The infinite-horizon version of the LQR problem is a special case of the general infinite-horizon problem constructed in Section 5.1.3. Starting with the finite-horizon LQR problem defined in Section 6.1, we first assume that both the control system and the cost functional are time-invariant and that there is no terminal cost; this simply means that $A$ , $B$ , $Q$ , and $R$ are now constant matrices and $M=0$ . Then, we want to consider the limit as the final time $t_1$ approaches $\infty$ . The resulting problem does not directly fit into the basic problem formulation of Section 3.3 and its well-posedness needs to be proved; in particular, we do not know a priori whether the optimal cost is finite (cf. footnote 2 on page ). We did not try to settle this issue in the general context of Section 5.1.3, but we will do it here for the LQR problem. In this section we assume that the reader is familiar with basic concepts of linear system theory such as controllability and observability.
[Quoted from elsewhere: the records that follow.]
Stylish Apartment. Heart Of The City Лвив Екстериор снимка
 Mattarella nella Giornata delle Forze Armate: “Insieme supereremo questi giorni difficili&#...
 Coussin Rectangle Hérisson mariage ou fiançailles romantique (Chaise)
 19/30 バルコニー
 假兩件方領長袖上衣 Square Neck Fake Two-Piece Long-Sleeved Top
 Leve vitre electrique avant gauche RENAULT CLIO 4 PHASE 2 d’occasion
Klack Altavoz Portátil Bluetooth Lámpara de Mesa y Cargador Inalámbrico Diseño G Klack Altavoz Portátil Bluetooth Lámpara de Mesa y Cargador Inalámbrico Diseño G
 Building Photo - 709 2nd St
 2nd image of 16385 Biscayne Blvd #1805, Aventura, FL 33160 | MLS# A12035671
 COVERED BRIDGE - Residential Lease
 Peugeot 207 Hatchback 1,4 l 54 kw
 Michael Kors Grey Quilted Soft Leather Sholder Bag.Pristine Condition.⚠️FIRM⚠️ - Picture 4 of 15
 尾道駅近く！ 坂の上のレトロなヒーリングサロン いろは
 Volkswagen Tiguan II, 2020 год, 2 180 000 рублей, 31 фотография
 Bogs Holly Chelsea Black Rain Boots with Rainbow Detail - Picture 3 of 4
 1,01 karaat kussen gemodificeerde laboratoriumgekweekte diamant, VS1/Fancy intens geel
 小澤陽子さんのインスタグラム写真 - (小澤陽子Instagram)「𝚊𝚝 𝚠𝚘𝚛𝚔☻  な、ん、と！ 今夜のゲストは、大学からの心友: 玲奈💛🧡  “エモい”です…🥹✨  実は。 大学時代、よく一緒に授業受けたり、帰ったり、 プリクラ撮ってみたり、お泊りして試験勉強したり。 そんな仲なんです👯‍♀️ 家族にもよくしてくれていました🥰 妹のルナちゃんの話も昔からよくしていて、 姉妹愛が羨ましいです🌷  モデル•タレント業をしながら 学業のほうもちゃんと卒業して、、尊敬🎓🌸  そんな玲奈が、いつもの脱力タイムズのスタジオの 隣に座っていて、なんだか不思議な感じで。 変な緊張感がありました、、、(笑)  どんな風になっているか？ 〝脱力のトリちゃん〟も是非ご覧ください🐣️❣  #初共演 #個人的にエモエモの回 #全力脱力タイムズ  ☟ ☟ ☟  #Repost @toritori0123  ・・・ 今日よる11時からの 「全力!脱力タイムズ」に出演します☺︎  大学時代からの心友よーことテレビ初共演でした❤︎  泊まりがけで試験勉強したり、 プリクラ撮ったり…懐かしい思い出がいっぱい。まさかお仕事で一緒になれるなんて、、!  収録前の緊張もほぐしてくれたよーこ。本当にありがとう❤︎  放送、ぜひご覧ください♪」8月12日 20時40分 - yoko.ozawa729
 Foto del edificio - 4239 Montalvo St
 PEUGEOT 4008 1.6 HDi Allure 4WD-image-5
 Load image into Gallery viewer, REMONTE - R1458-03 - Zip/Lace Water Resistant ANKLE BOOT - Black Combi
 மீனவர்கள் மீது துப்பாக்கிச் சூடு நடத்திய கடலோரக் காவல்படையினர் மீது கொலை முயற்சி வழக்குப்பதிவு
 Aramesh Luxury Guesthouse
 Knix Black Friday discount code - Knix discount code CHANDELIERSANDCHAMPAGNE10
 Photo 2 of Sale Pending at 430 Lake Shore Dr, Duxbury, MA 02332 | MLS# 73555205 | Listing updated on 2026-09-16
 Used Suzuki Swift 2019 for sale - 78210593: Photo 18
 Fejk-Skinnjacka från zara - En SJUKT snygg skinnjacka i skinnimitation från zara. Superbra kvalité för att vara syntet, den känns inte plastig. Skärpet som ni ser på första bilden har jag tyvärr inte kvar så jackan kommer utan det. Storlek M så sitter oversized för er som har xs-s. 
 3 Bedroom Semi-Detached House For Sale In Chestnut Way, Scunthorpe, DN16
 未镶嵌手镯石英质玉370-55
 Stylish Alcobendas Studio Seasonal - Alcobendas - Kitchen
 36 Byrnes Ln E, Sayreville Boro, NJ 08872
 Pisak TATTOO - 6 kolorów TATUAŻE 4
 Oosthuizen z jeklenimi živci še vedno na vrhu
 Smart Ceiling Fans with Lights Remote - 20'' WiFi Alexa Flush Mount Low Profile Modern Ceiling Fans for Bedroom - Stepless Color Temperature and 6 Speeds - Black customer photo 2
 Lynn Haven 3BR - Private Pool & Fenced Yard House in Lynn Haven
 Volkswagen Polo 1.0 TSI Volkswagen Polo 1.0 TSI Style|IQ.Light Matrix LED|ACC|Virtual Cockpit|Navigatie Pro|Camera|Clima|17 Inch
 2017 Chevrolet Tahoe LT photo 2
In preparation for studying the limit as $t_1\to\infty$ , let us treat the final time $t_1$ as a parameter which, unlike in Section 6.1, is no longer fixed. We want to make our notation more explicit by displaying the dependence of relevant quantities on this parameter. Specifically, from now on let us write $V^{t_1}$ for the value function and denote by $P(t,t_1)$ the solution at time $t$ of the RDE (6.14) with the boundary condition $P(t_1)=0$ . For each $t_1$ , let us also relabel the optimal control and the optimal state trajectory (passing through the given initial condition $x_0$ at time $t_0$ ) for the corresponding finite-horizon LQR problem as $u^*_{t_1}$ and $x^*_{t_1}$ , respectively. In this notation, the results of Section 6.1.3 say that

$$u^*_{t_1}(t)=-R^{-1}B^TP(t,t_1)x^*_{t_1}(t)$$ (6.23)

and

$$V^{t_1}(t,x)=x^TP(t,t_1)x.$$ (6.24)

In particular,

$$V^{t_1}(t_0,x_0)=x_0^TP(t_0,t_1)x_0$$ (6.25)

is the finite-horizon optimal cost.